Financial Planning and Analysis

What Percentage of Californians Own Homes?

Explore California's homeownership rates: current figures, historical trends, and key influencing factors across the state.

Homeownership is a significant aspect of financial well-being and wealth accumulation for many households. The ability to own a home can provide long-term stability and is often considered a measure of economic prosperity. Understanding the patterns of homeownership in a diverse state like California reveals important insights into its economic and social landscape.

Current Homeownership in California

California’s homeownership rate stands at 55.3% as of January 2024, according to data from the United States Federal Reserve. When compared to the national average, California’s homeownership rate is notably lower. The national homeownership rate typically hovers around 65% to 66%. California’s rate is among the lowest in the country, with only New York occasionally exhibiting a slightly lower percentage.

Historical Trends in California Homeownership

Historically, California’s homeownership rates have shown distinct patterns. From 1940 to 1960, both California and the nation experienced a substantial increase in homeownership, driven by post-World War II economic growth and supportive policies. However, the state’s rate has generally remained stable near 55% for the past 60 years, while the national average saw a modest increase during the same period.

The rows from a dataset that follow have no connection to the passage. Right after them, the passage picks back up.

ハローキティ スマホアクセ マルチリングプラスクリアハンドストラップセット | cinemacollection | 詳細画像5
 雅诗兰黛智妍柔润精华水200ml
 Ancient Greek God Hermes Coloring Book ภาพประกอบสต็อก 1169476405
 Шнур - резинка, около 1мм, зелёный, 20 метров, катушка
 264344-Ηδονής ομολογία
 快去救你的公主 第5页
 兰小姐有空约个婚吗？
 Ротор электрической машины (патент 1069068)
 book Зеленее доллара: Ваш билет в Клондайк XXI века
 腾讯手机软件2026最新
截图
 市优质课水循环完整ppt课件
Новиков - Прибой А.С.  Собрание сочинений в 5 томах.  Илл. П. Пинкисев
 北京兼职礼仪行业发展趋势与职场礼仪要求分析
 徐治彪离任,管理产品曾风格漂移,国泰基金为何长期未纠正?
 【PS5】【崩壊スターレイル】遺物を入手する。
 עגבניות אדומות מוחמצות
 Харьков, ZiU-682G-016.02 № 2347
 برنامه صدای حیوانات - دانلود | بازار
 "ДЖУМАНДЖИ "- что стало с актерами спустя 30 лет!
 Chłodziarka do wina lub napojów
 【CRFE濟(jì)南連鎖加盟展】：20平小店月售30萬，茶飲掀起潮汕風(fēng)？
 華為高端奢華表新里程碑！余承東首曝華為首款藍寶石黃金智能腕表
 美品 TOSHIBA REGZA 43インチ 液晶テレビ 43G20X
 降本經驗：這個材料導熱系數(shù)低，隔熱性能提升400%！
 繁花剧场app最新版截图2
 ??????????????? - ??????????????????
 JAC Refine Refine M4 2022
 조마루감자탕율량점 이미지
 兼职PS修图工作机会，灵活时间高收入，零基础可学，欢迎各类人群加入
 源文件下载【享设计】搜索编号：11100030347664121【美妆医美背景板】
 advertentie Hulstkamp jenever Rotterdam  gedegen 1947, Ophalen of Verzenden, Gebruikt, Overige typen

California’s homeownership rate peaked around 60.2% in 2006 before experiencing a decline during the Great Recession. This divergence between California and the national trend has widened over time, with the gap reaching approximately 14.8 percentage points in 2021.

Key Factors Influencing Homeownership Rates

Housing affordability plays a primary role in California’s homeownership rates. The state’s median home values are significantly higher than the national average, making homeownership less accessible. For instance, the median value of owner-occupied homes in California was 2.5 times greater than in the rest of the nation in 2020. In 2024, an income of at least $221,200 was needed to cover the estimated $5,530 monthly payment for a median-priced detached home.

Interest rates also directly affect affordability by influencing monthly mortgage payments and purchasing power. When interest rates rise, the cost of borrowing increases, limiting who can afford to buy a home. Constraints on housing supply, such as restrictive zoning laws and high construction costs, contribute to elevated home prices. This imbalance between demand and available housing creates a competitive market that pushes homeownership out of reach for many buyers.

Variations in California Homeownership

Homeownership rates vary across different demographic groups and geographic regions within California. Age is a significant factor, with younger adults facing challenges. For example, only 24.2% of young adults aged 25 to 34 in Southern California are homeowners, which is substantially lower than the national rate of 38.3% for the same age group. Older seniors aged 75 and above tend to have higher homeownership rates, ranging from 88% to 94%.

Disparities persist across racial and ethnic groups. White and Asian households exhibit higher homeownership rates compared to Black and Hispanic/Latino households. In 2021, the homeownership rate for Black 35-45-year-olds in California was approximately 23%, while for Hispanic Californians in the same age range, it was around 40%. Geographically, homeownership rates are higher in rural and suburban areas and lower in densely populated urban centers. For instance, Alpine County has one of the highest rates at 80%, whereas San Francisco County has one of the lowest at 38%. Within major metropolitan areas, rates can range from 47.9% in Los Angeles to 69.0% in Madera.